Ia menambahkan selama 1,5 tahun terakhir, jumlah kendaraan roda empat meningkat dari 4 juta menjadi 6 juta. Sementara kendaraan roda dua meningkat dari 14 juta menjadi 16 juta.
"Yang berplat B, itu kan Jabotabek dan hampir semuanya itu masuk ke Jakarta. Jadi memang beban Jakarta berat, tapi tidak mengurangi tanggung jawab Pemprov DKI Jakarta," kata dia.
Sebelumnya diketahui, semakin banyak pihak yang gerah dengan kondisi polusi udara di Jakarta yang kian parah. Para figur publik, mulai dari kalangan musisi, penyanyi, komedian, hingga chef ramai-ramai bersuara di media sosial (medsos) agar pemerintah meningkatkan perhatian terkait persoalan serius itu.

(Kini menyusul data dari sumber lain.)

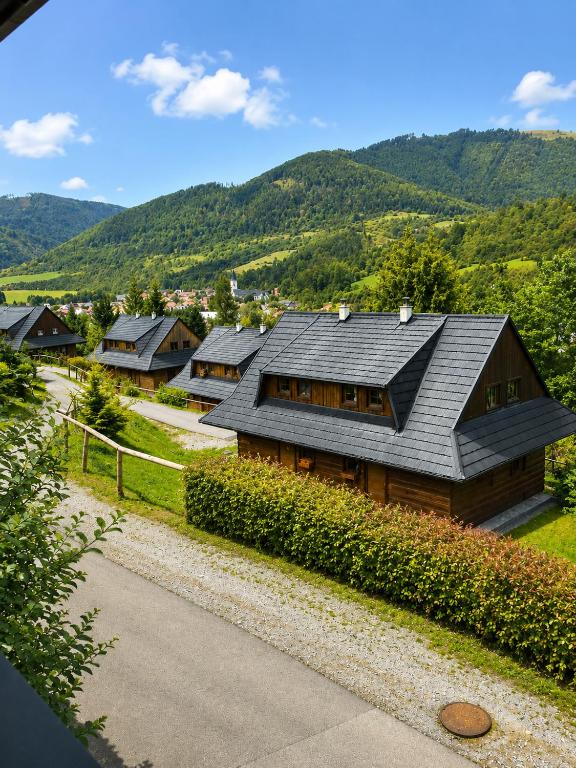 a house with a gray roof on a mountain at Drevenica Jánošík 1 in Terchová
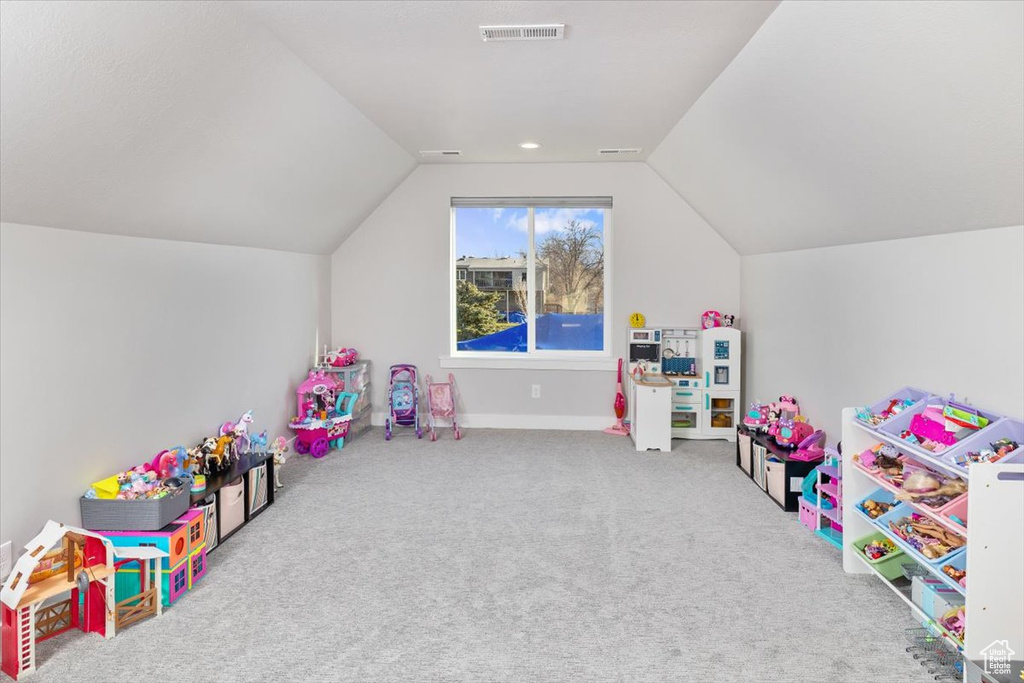 Rec room featuring vaulted ceiling and light colored carpet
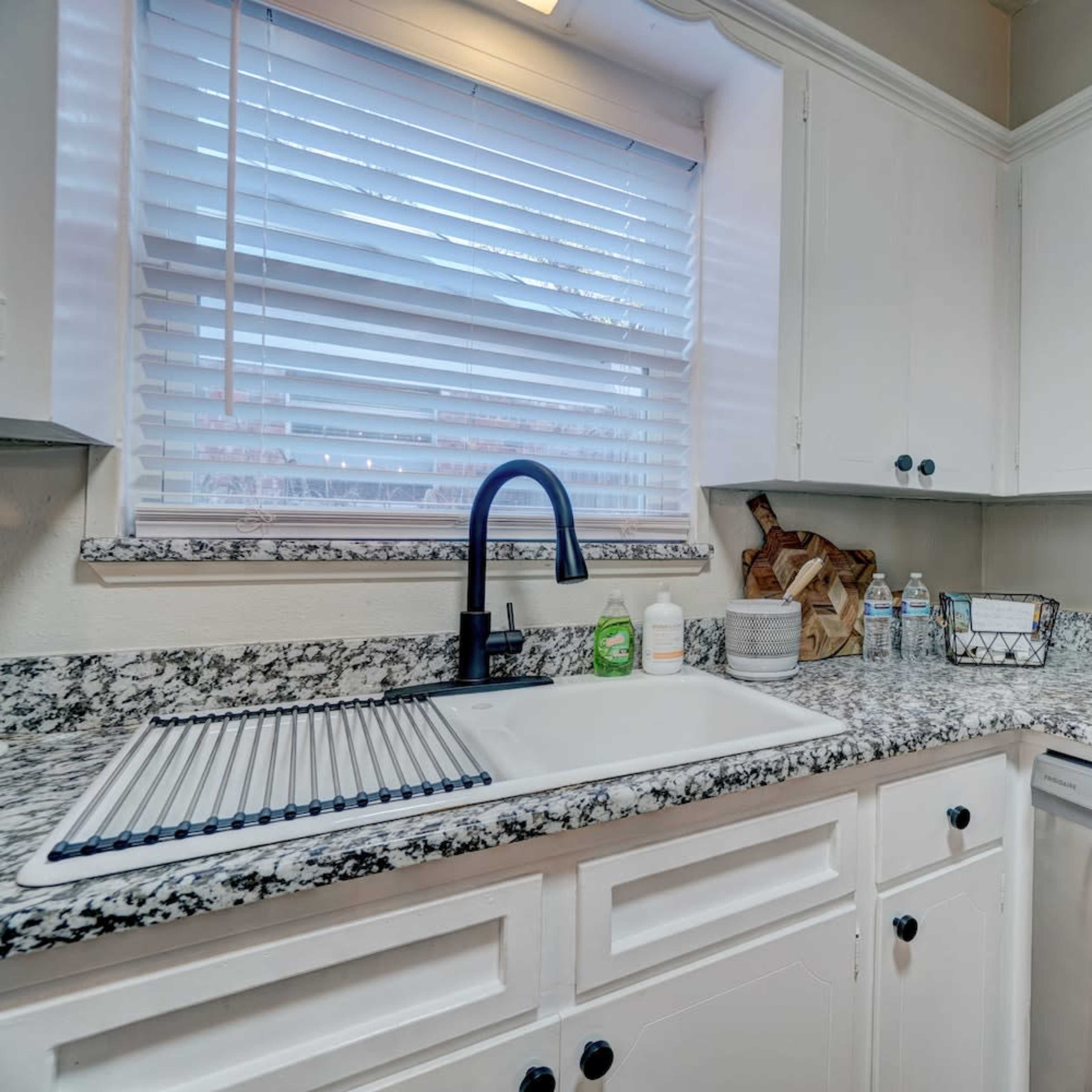 A kitchen featuring white cabinets, a granite countertop, a double sink, and various kitchen appliances including a coffee maker and a kettle.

Berdasarkan situs pemantau kualitas udara IQAir pada Selasa (8/8/2023), kualitas udara di Jakarta dikategorikan tidak sehat. Indeks kualitas udara (AQI) Jakarta berada di angka 164, dengan konsentrasi partikulat (PM2.5) 80 mikrogram per meter kubik atau 16 kali lipat dari standar Organisasi Kesehatan Dunia (WHO).
PM2.5 merupakan partikel yang ditemukan di udara, termasuk debu, jelaga, kotoran, asap, dan tetesan cairan. Partikel berukuran diameter 2,5 mikron atau kurang itu dianggap sebagai ancaman kesehatan terbesar. Karena ukurannya yang kecil, PM2.5 dapat tetap melayang di udara untuk waktu yang lama.
Ukuran mikroskopis PM 2.5 meningkatkan potensinya untuk bersarang jauh ke dalam saluran pernapasan, juga mampu memasuki sistem peredaran darah, bahkan otak. Gejala jangka pendek dari paparan partikulat tingkat tinggi termasuk iritasi tenggorokan dan saluran pernapasan, batuk, dan kesulitan bernapas.